Semiconductor transistors, in particular field-effect controlled switching devices such as a Metal Oxide Semiconductor Field-Effect Transistor (MOSFET) or an Insulated Gate Bipolar Transistor (IGBT) have been used for various applications including but not limited to use as switches in power supplies and power converters, electric cars, air-conditioners, and even stereo systems. Particularly with regard to power devices capable of switching large currents and/or operating at higher voltages, low on-state resistance, which is in the following also referred to as on-resistance Ron, and high voltage blocking capability are often desired. Due to structural efficiency and low on-resistance Ron, vertical trench MOSFETs are widely used, in particular in power applications. The breakdown voltage of a trench MOSFET may be raised by optimizing the shape and depth of the vertical trench and in particular by arranging an insulated field electrode in the vertical trench below the insulated gate electrode.

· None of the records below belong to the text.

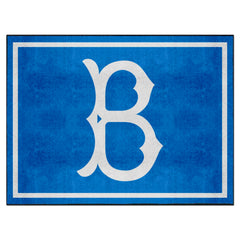 Brooklyn Dodgers 8ft. x 10 ft. Plush Area Rug - Retro Collection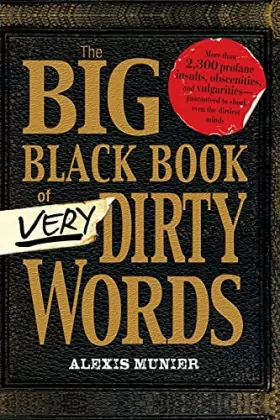 Couverture du produit · The Big Black Book of Very Dirty Words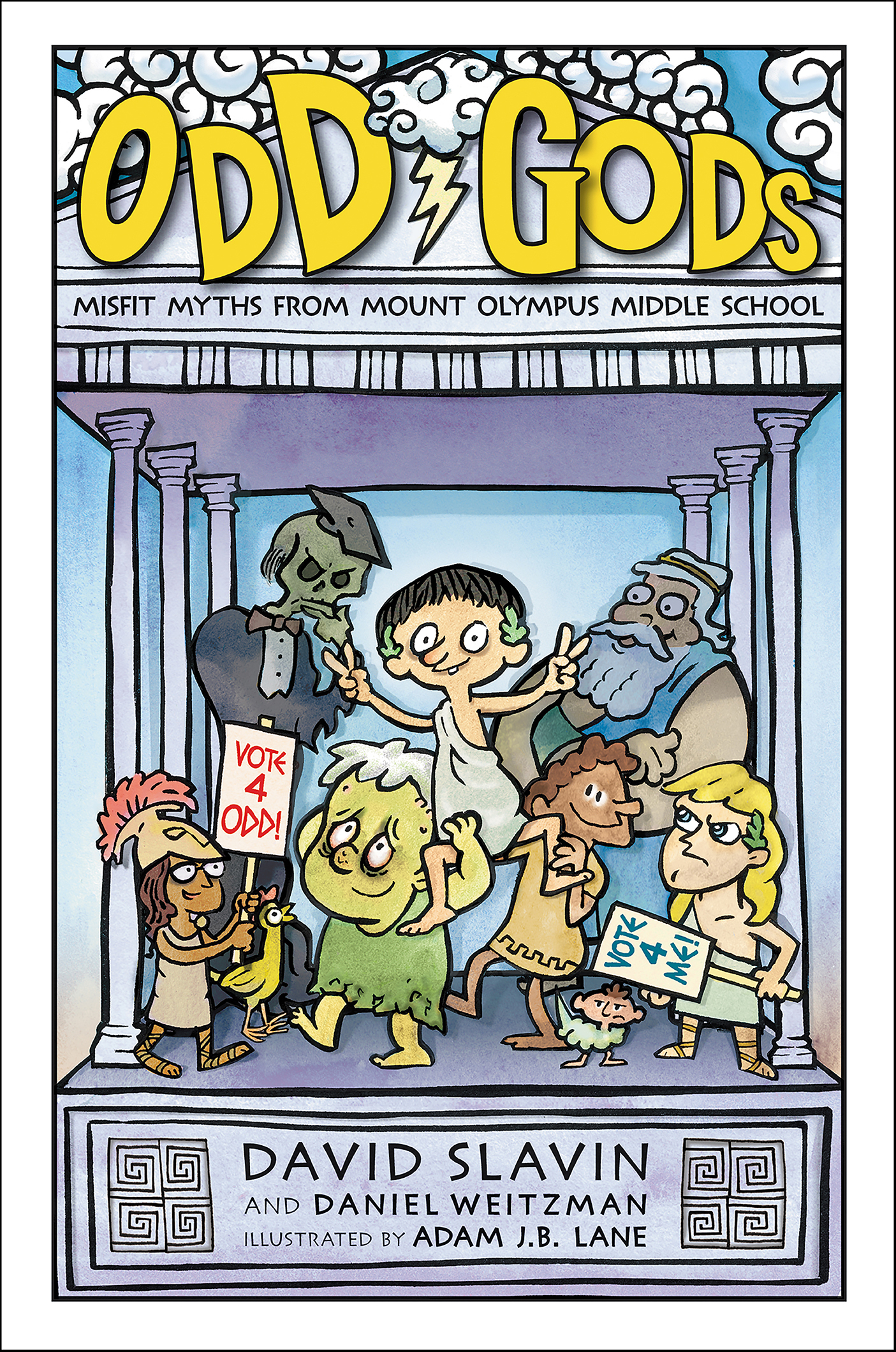 Odd Gods cover image cdn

The field electrode is typically connected to source potential and insulated form drain potential by a field oxide. Accordingly, charges in the drift region between two vertical trenches are at least partially compensated during blocking mode and thus the blocking capability improved.
To avoid reducing of break-down field strength in a peripheral area surrounding an active area with active MOSFET-cells and IGBT-cells, respectively, edge-termination structures may be provided in the peripheral area reducing the electric field in lateral direction during blocking mode. However, high current densities may occur at the outermost active cell during hard commutating and switching conditions, respectively, of for example more than about 1010 V/s. This may result in failure of the semiconductor device.
Accordingly, there is a need to provide semiconductor transistors which have a higher dynamic robustness, i.e. which are more robust during commutating.